EXTRACTED INFORMATION:
- Opening Delimiter -

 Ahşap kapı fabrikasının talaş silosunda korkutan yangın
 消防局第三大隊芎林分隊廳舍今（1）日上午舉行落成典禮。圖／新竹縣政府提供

- Closing Delimiter -
- Opening Delimiter -

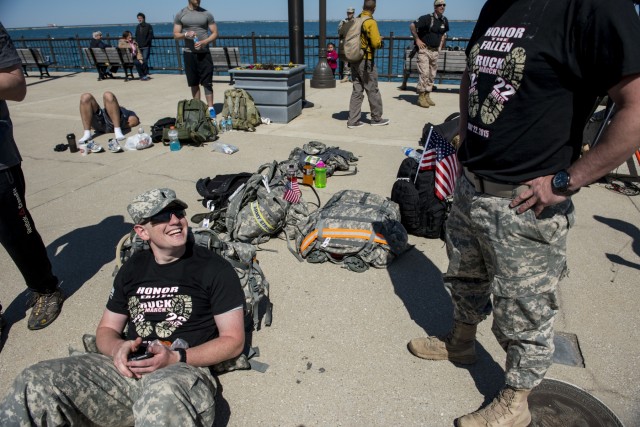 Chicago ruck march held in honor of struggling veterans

- Closing Delimiter -

WHAT YOU SHOULD DO:
The required answer is the run of lines above, starting at the line with "Ahşap kapı fabrikasının" and ending at the line with "消防局第三大隊芎林分隊廳舍今（1）日上午舉行落成典禮。圖／新竹縣政府提供", reproduced exactly with both ends.

EXERCISE SOLUTION:
 Ahşap kapı fabrikasının talaş silosunda korkutan yangın
 消防局第三大隊芎林分隊廳舍今（1）日上午舉行落成典禮。圖／新竹縣政府提供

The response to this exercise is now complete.